# ** NEW TANK ** African Tiger fish, Elong, and 20" Snakeheads PI



## shocker45 (Jun 23, 2005)

alright, well for a while i was talking about my plan to set up a 50 for an ATF my lfs just got in. well i got em.

now before anyone yells at me, here is my plan

elongatus is in about a 33-35 gallon tank, he is 6.5" right now,

African Tiger fish and Jardini Arrowana and in a 55 long.

20+ " snakeheads are in my 150.

the snakeheads will be gone in about 6-8 months. Atf and Jardini are moving into my 150, the elong is moving to the 55. and the 33 is going to be my atf's feeder tank cuz he will never eat frozen.

now, here are the pics.
1st up, this is my elongs tank. and a nice closeup of him. he is about 6.5" or 7" long. and looks perfect.

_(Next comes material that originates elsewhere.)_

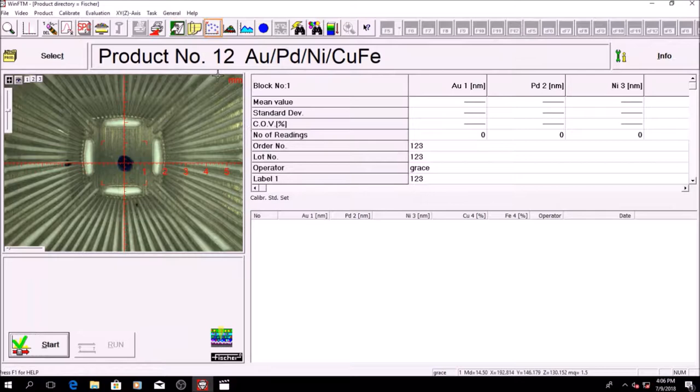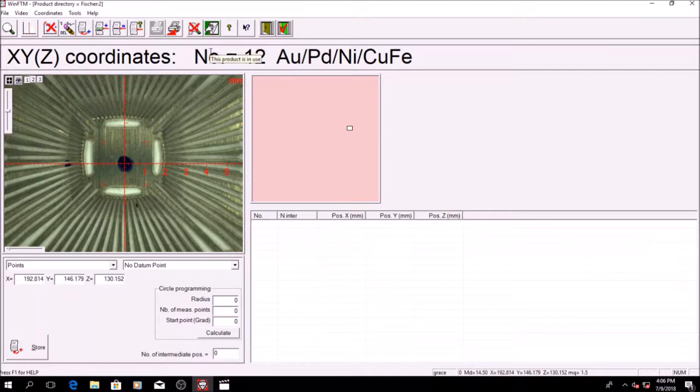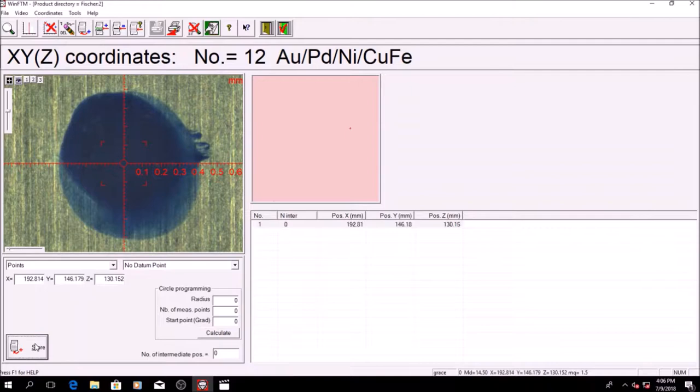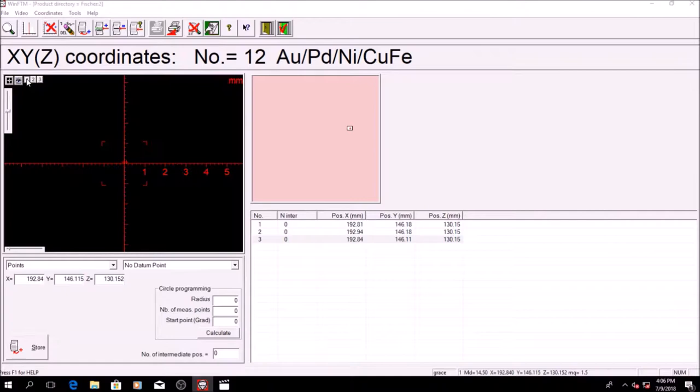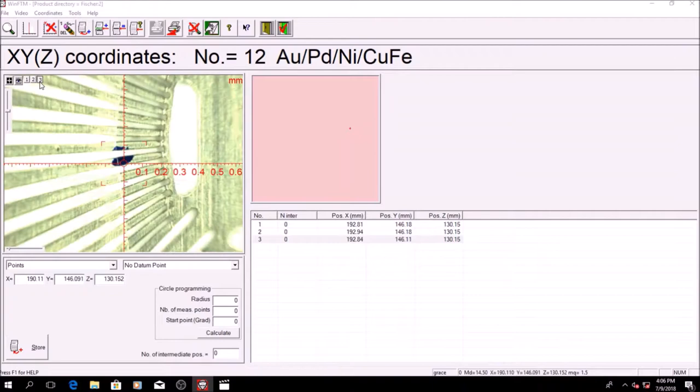Click on XY programming. The default setting is points. Change the zoom factor from 1 to 3 and store the points you would like to measure. In this case, I would like to measure 3 points on the lead frame pad and 3 points on the lead frame lead. Once complete, click save and exit.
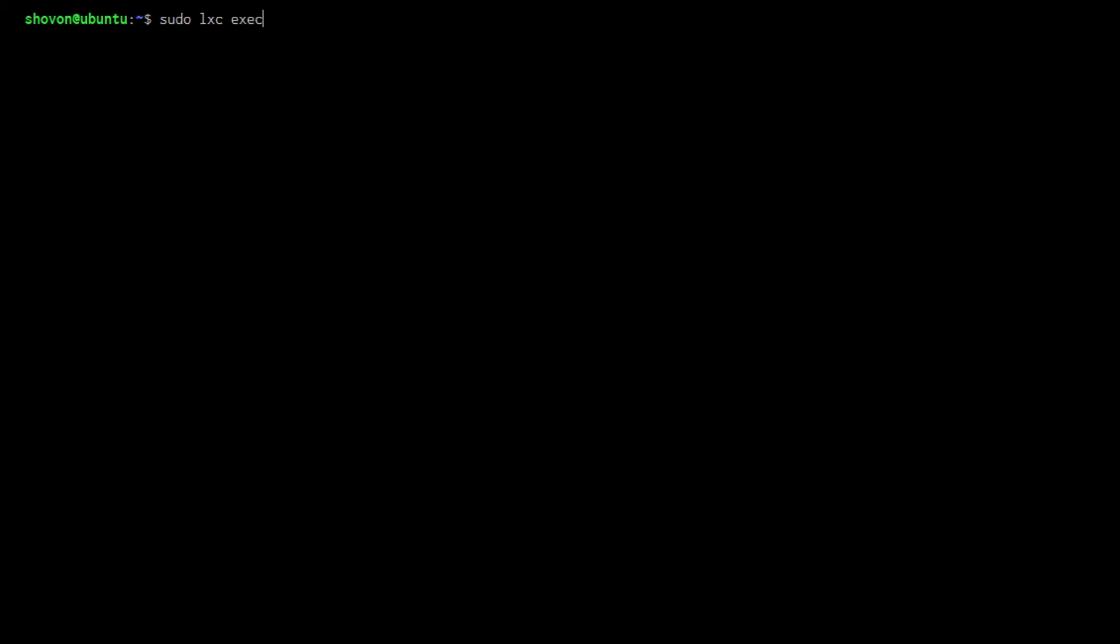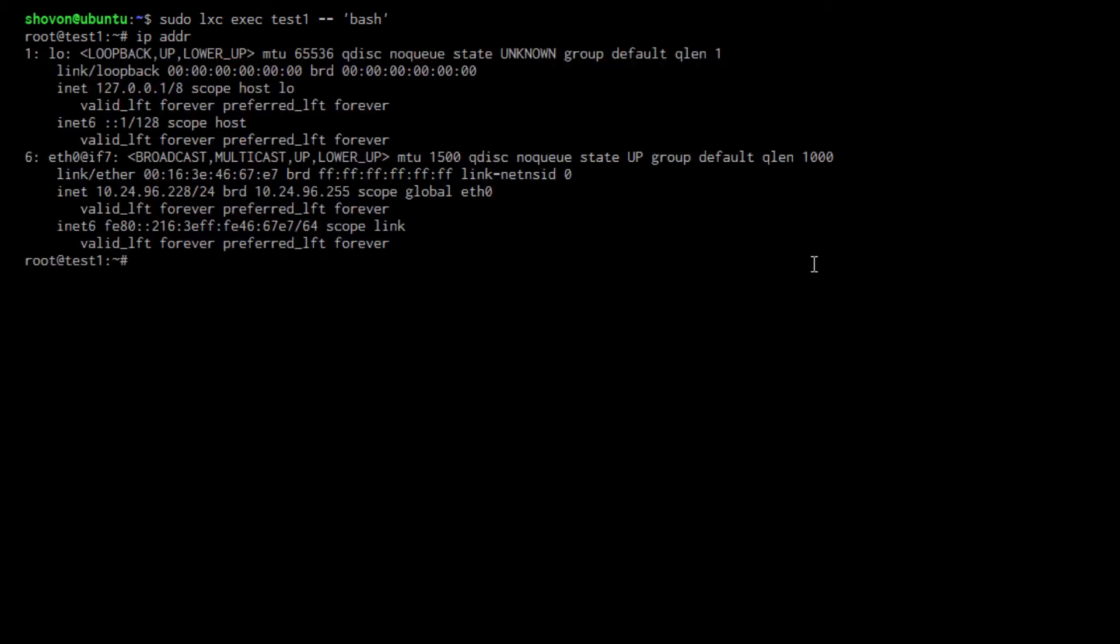Now you can log in to the bash shell of your container with sudo lxc exec test1 dash dash bash. I'll talk more about executing commands in the container in a later video, but you can see that I can run any command in the container.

then this is my 55 gallon long, with my 3.5" African tiger fish, and 4" jardini Arrowana. and then a couple feeders as a buffer between them. so far so good.







it was hard to get a pic of the ATF, he is an Etremely fast swimmer and never sits still.







and last off, these are my monsters, 20 or 21" snakehead and a 15" snakehead to back him up, these guys are nuts.








this feeding video is about 6 months old already, they have grown TONS since then, and i have lost 2 of them since the vid. now im just down to 2 big guys. who never seem to fight.
http://media.putfile.com/Snakehead-eating


----------



## shocker45 (Jun 23, 2005)

sorry admin, i thought i was in piranha pics and vid forum. if you catch this would ya mind movin it over there. 
thanks.


----------



## WaxmasterJ (Jan 8, 2007)

Damn! That video was nuts!







Crazy man! What are you gonna do with these snakeheads? You said you are gonna get rid of em...


----------



## bc_buddah (Dec 18, 2005)

wow dood ur hardcore, never seen snakeheads b 4 . . .they look mean haha,

great collection, ur pro


----------



## 2PiRaNhA~2FuRrY (Nov 1, 2005)

Wow!..you got some crazy collection there!...


----------



## Coldfire (Aug 20, 2003)

One word.........DAMN!

Over all, very nice looking tanks. Love the snakeheads. Are those just regular snakeheads or are all SH's that aggressive? After seeing that Vid, I might have to get me a pair of those.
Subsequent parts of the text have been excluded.